Noi facevamo ammazzare i caprioli e i cinghiali, usavamo le alzavole, i magassi, le folaghe, carni macellate in una maniera impossibile, avevamo i pastori per gli agnelli, chi allevava faraone… Sapevamo che tutto questo era illegale, ma lo facevamo lo stesso. Finché non ci ha centrato un Caterpillar: il sindaco di Argenta ci ha fatto chiudere, con richiesta di riapertura a norma e costi di adeguamento inaffrontabili. Tutto perché avevamo due beccacce sottovuoto con le penne in frigorifero. Due. Nemmeno fosse stata Piazza Fontana. Ma forse davamo fastidio ai ‘paesani’. I nostri piatti? Il risotto con le folaghe, i ravioli di faraona con lo zabaione di Parmigiano, il pesce di giornata… Eravamo tecnologicamente avanzati, grazie a Igles che aveva una marcia in più e a Saperi e Sapori, un congresso ante litteram. Da noi venivano a mangiare i grandi chef di Francia e di Germania, ma anche tanti artisti, come Andy Warhol. Arrivava più gente da New York che da Bologna.

A quel punto però mi sono arreso: se non era possibile cucinare così, meglio chiudere.

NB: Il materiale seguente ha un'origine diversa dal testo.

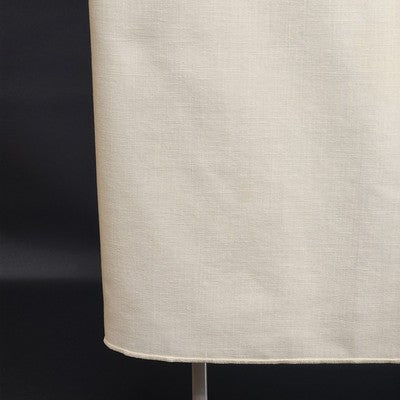 Solid Plain Beige Linen Tablecloth Table Cover Overlock hem Rectangle 50" x 68"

Per 3 anni ho pescato lucci in Polonia. Poi un cliente abituale, industriale bolognese dell’alluminio, mi ha assunto come cuoco privato. Cucinavo a casa sua due o tre volte a settimana, altrettante per i clienti in montagna, tutto solo, per cameriere un guardiacaccia. È durata 18 anni, poi sono andato in pensione con 530 euro al mese. Come mangio a casa mia? Oggi i cappelletti, domani i tortelloni con le ortiche. Cucino per me e per qualche amico, con quello che trovo dai contadini. Quelli del Trigabolo non ci sono più, sono invecchiati, non hanno voglia di impazzire con gente come me, che vuole capire cosa c’è dietro una gallina. Non possono allevare i maiali in casa e aspettare 6 anni per un prosciutto, per loro non ha senso.

Nella mia cantina ho soprattutto Barolo, il vino numero 1 del mondo, senza un numero 2 che sarebbe solo il Barbaresco, mentre il pinot nero mi piace meno di un tempo. E poi Sangiovese di Romagna, un po’ di Marche, qualche miracolato di Dio che non cambierà mai. I bianchi in Italia non ci sono, tranne qualcosa sull’Etna o in Friuli; bisogna andare in Borgogna o sulla Mosella. In tutto possiedo un migliaio di bottiglie, ma adoro anche il whisky. Rappresenta il senso del tempo, del sapore, della luce, della sapidità, del fermentato, dell’acido. E seguo Baldo Baldinini.


Sono 50 anni che seguo il vino: per me è un matrimonio d’amore con la cucina. Ma hanno entrambi imboccato la strada della spettacolarizzazione, con disastri incommensurabili. Anche se ci sono ragazzi che hanno preso in mano le loro situazioni e con la materia prima fanno cose interessanti. Il più bravo di tutti è Filippo Volpi, il suo Bioselvatico è una follia, difficile in zona ottenere di più. Anche se quando cade una bottiglia, lì si riempie di olio da sola. Invece fra i cuochi il migliore è Remo Camurani, che è in una fase di evoluzione sconvolgente. Ma non è l’erede del Trigabolo: lui è lui, con la sua tenerezza, intelligenza, cultura. Continua rabbiosamente a fare ciò che non potrebbe, girando per le colline romagnole. Altri sono bravi, ma quando fanno da mangiare non pensano alla storia del loro paese, al cibo come incontro con l’uomo, alla misura della modificazione della materia. Fanno i piatti che piacciono a loro, mentre la cucina dovrebbe essere una storia d’amore, l’incontro fra la filosofia comportamentale del cuoco e uomini in cerca di rispetto. Adesso il mondo è finito, finalmente sono crollate tutte le certezze, nessuno conosce più la verità. Potrebbe essere il preludio di qualcosa.”